* _What to produce_
Your answer should hold exactly the lines from the one with "Una cocina moderna" through the final line of the data below, reproduced as written.

Recorded data:
++++
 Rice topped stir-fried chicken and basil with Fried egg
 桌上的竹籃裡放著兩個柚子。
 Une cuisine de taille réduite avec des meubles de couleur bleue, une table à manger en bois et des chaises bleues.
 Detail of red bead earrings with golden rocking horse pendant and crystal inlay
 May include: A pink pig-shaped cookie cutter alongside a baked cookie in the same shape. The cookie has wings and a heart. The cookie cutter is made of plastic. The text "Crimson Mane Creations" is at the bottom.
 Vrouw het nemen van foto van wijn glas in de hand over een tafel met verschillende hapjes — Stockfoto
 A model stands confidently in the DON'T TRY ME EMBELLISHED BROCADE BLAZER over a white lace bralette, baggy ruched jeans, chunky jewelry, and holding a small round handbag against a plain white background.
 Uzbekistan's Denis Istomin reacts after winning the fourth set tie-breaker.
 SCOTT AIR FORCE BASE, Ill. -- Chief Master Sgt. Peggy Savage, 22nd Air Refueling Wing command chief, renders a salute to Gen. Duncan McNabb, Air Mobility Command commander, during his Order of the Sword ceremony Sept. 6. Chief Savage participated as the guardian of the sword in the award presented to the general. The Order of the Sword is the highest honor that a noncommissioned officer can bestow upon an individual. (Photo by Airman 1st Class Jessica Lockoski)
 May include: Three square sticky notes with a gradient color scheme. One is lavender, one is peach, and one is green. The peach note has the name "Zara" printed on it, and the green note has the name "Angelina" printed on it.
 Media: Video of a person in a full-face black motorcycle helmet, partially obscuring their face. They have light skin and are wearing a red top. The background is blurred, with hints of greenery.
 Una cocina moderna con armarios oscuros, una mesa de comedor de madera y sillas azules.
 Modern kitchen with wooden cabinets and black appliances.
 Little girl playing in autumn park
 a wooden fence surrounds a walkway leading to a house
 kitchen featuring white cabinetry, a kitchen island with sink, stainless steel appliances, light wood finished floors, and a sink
++++
* _Exercise result_
 Una cocina moderna con armarios oscuros, una mesa de comedor de madera y sillas azules.
 Modern kitchen with wooden cabinets and black appliances.
 Little girl playing in autumn park
 a wooden fence surrounds a walkway leading to a house
 kitchen featuring white cabinetry, a kitchen island with sink, stainless steel appliances, light wood finished floors, and a sink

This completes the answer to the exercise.